The internet is at the cusp of entering a new phase, one where entrenched rulers are dethroned, more power is reclaimed by individuals and value moves as freely as cat GIFs.
To understand why we need a better internet in the first place, consider this question: Isn’t it weird the internet isn’t good at money? Think about it. The applications we use every day to search, to communicate, even to shop; the companies that dominate the web are very bad at dealing with money, even if they’re very good at making it. There’s a separate checkout process, where you repeatedly enter all your information. Cards issued in some countries don’t work on local websites in other countries. Sometimes you wait for what feels like an eternity watching that tiny wheel turn, to have the transaction fail.
More complex transactions are almost unthinkable. Influencers and creators should be able to monetize their likes, retweets and views, with micropayments streamed from followers, without any platform taking a cut. Less-famous mortals should get paid if they opt in to view ads or consent to sharing their information. Transferring ownership of valuable assets, from art to real estate, shouldn’t take several intermediaries and tons of paperwork.
There’s the internet’s TCP/IP protocol. There are apps built on top of it. And, separately, there’s the financial system, which relies largely on infrastructure built before the internet was invented. SWIFT, IBAN, the rails handling most international money transfers, weren’t designed to handle actual money. They’re messaging systems where transfers can take up to five days and cost around $50. National money transfers fare a bit better, but in the U.S. they still take at least one business day to settle (money rests on weekends, apparently).
Attempts to update these systems – SEPA in Europe, the Faster Payments initiatives in the U.S., VisaNet for card payments – have resulted in a messy patchwork that doesn’t solve the core problem. Fintechs try to improve the situation, but they’re building on the same old carcass.

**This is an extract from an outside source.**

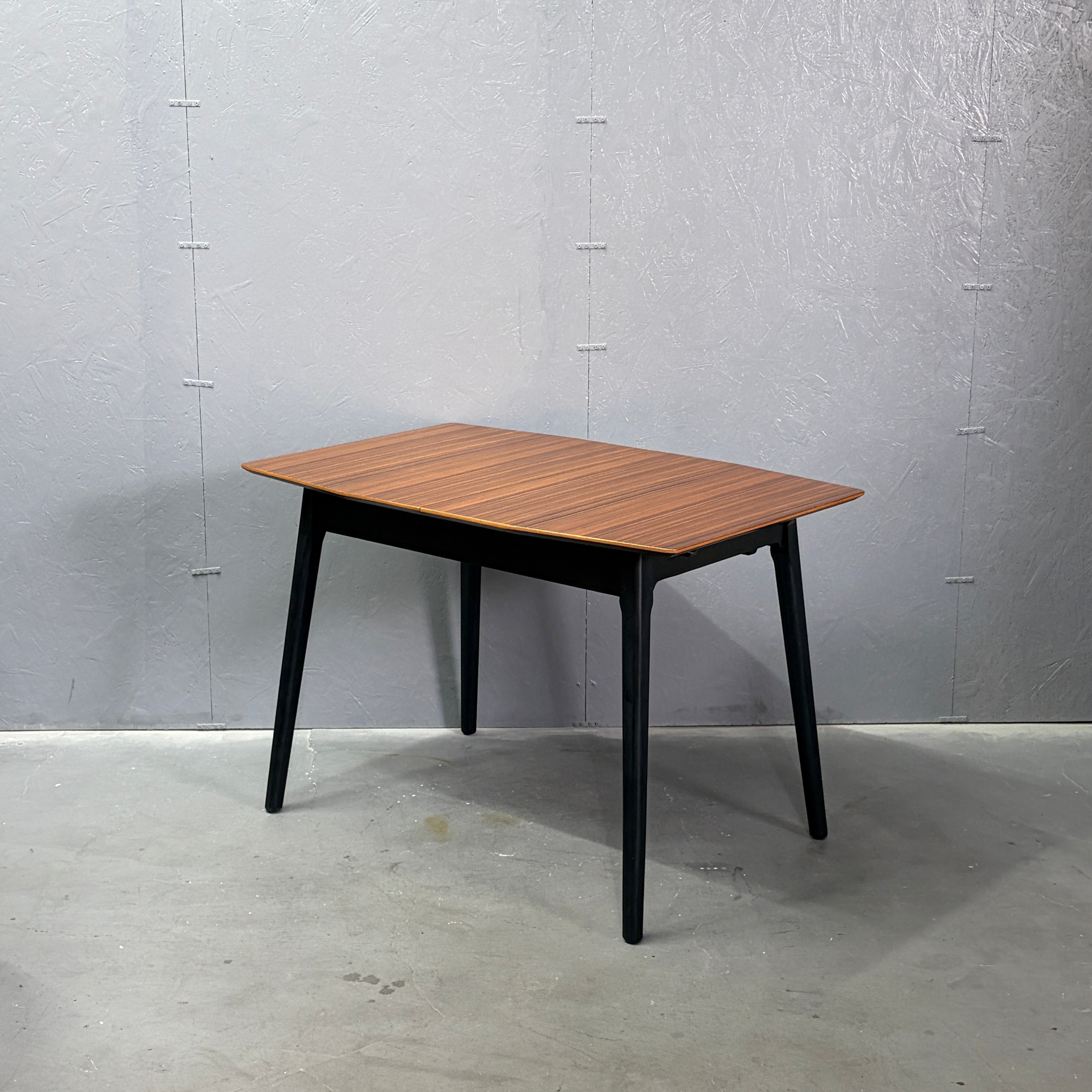 ダイニングテーブル – NONOR FURNITURE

At a time when we have global, cheap, fast communications, we should have an equally global, cheap, fast financial system.
The second big problem with the internet today is that we access it through a handful of companies with “walled gardens.” A better analogy is kingdoms. You need a passport to enter. Once you’re in, it feels like you’re roaming free but the price to pay is the king watching your every step, collecting your information and then selling it to fill his coffers. You don’t get a cut, but you do get the incredible services the web offers today.
These kingdoms – Google, Facebook, Amazon, Apple – aren’t always clear on what they’re collecting. We’re also left in the dark on what our data will be used for. Is it purely market research or will it be leveraged to, say, influence the U.S. presidential election?